Crawled caption data
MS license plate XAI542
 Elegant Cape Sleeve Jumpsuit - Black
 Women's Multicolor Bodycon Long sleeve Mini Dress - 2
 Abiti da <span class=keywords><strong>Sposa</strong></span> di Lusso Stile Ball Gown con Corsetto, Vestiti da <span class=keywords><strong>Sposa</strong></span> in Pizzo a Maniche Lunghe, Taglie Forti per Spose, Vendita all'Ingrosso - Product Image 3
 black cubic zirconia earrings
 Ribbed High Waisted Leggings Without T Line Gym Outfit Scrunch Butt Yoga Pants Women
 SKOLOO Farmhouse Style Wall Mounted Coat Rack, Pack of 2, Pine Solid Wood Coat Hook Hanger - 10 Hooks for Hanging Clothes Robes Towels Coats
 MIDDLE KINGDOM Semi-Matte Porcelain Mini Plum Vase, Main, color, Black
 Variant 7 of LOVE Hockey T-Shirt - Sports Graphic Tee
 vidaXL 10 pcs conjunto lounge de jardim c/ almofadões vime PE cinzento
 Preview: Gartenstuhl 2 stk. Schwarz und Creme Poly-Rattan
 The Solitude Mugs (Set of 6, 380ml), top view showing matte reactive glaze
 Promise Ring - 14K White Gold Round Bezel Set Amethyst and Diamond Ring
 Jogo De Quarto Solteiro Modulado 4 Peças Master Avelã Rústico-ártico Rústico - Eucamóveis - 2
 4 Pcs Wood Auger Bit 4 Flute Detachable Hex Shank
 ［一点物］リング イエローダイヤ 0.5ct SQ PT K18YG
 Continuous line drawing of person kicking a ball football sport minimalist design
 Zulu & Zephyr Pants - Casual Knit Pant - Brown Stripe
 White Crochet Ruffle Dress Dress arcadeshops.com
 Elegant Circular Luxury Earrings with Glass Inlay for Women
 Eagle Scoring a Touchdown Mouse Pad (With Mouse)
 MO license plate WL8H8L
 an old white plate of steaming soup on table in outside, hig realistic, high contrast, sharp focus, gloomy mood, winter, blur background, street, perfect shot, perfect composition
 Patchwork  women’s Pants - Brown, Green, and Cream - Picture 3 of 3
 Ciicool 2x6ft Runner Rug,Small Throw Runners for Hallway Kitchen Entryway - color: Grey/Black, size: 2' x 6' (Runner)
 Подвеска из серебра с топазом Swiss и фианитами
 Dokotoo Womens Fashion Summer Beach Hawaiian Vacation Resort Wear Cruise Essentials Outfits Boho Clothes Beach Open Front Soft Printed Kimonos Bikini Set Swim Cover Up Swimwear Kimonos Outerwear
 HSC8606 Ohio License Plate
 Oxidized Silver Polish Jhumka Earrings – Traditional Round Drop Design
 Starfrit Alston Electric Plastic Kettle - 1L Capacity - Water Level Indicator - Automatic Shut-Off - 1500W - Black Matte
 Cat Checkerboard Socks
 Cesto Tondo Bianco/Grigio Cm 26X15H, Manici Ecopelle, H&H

◆ **ASSIGNMENT**
In the records above, find the line containing "Подвеска из серебра"; please retype it and every line after it through the last line, exactly and with nothing else.

◆ **RESULT FOR THIS TASK**
 Подвеска из серебра с топазом Swiss и фианитами
 Dokotoo Womens Fashion Summer Beach Hawaiian Vacation Resort Wear Cruise Essentials Outfits Boho Clothes Beach Open Front Soft Printed Kimonos Bikini Set Swim Cover Up Swimwear Kimonos Outerwear
 HSC8606 Ohio License Plate
 Oxidized Silver Polish Jhumka Earrings – Traditional Round Drop Design
 Starfrit Alston Electric Plastic Kettle - 1L Capacity - Water Level Indicator - Automatic Shut-Off - 1500W - Black Matte
 Cat Checkerboard Socks
 Cesto Tondo Bianco/Grigio Cm 26X15H, Manici Ecopelle, H&H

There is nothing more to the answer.